My Fiance was concerned that this was rude to others in attendance when I said that I wanted to thank our wedding party and parents at the rehearsal dinner and give them their gifts. I don’t understand this at all – actually, if I’m at a rehearsal dinner, I expect to see the wedding party receive their gifts.
Can any bees offer perspective on this?
Post # 3
I don’t think it’s rude at all. This is how it’s always been done at any rehersal dinners that I have attended whether or not I was in the wedding party. I hope it’s not rude because that was our plan as well.
Post # 4
That’s how we did it with our wedding party. However, we did my parents personally because their gifts were combination gifts…. my Dad performed our ceremony so his present was a combined officiant/parent gift. My parents anniversary was 3 days after our wedding so our present to them was anniversary/thank you gift.
Post # 5
No its not rude. The people who dont get gifts should understand… Most people know who gets gifts (wedding party, parents, etc..)
Post # 6
Not rude at all. It is typical to distribute the gifts at the rehearsal dinner. Other attendees will expect it.
Post # 7
I know normally (at the weddings I have been to at least) they are given out at the reception and that is in front of all your guests. So no I don’t think it is rude to give them out at the rehearsal dinner. I actually think it is more personal and intimate to give them at the rehearsal dinner. That way you can be personally thank everyone and everyone can appreciate their gift and not have to worry about carrying it around, etc at the reception.
Post # 8
Actually, I think that is a great idea! I was going to give my girls theirs at my bachelorette party (jewlery) and he was going to give his groomsmen theirs at his bachelor party (engraved cigar holders w/ a cigar.) I think the rehearsal dinner sounds even better actually. The rehearsal dinner is sort of a “thank you” anyway so why not add the gift giving at that time too =)
Post # 9
I hope not, that’s how we did it 😉
Post # 10
I think that is actually how you are supposed to do it! That is exactly how I indend to do it, anyway!
Post # 11
Not rude at all. It’s the way it’s always done, as far as I know. We did this at ours last year.
Post # 12
That’s the only way I’ve ever seen it! I don’t think you should worry about it being rude to anyone.
Post # 13
hmmm i’m the odd one out. i’ve never seen this done at a rehearsal dinner. and every wedding i’ve been in i’ve received the gift privately, (usually while getting ready on the day of with the other bridesmaids.)
Post # 14
That’s how it’s done at every rehearsal dinner I’ve been to.

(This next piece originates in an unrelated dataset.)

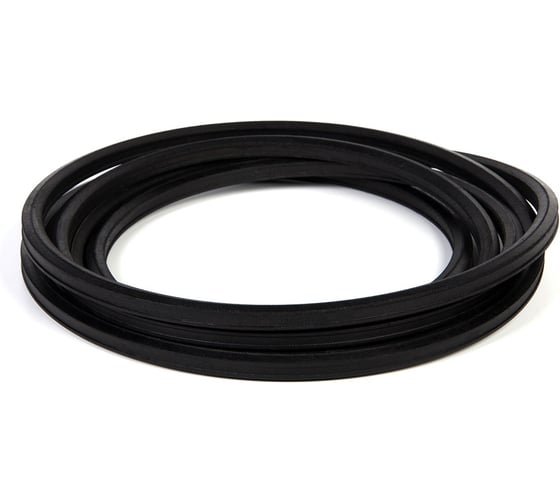 Изображение товара Ремень клиновой двухсторонний FNRBelt AA 85 FNR Belt 00-00054060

You could wait til the day of the wedding and a time when you are just with your bridal party, if Fiance isn’t comfortable with it.
Post # 15
I know its customary, but I personally felt uncomfortable with it just like your Fiance. Instead we had a court brunch early in the planning process where I gave them their gifts and thanked them (plus gave them lil calendars). lol.
Post # 16
I don’t think it’s rude, no. I would however find it rude, if the other people there expected to receive gifts lol.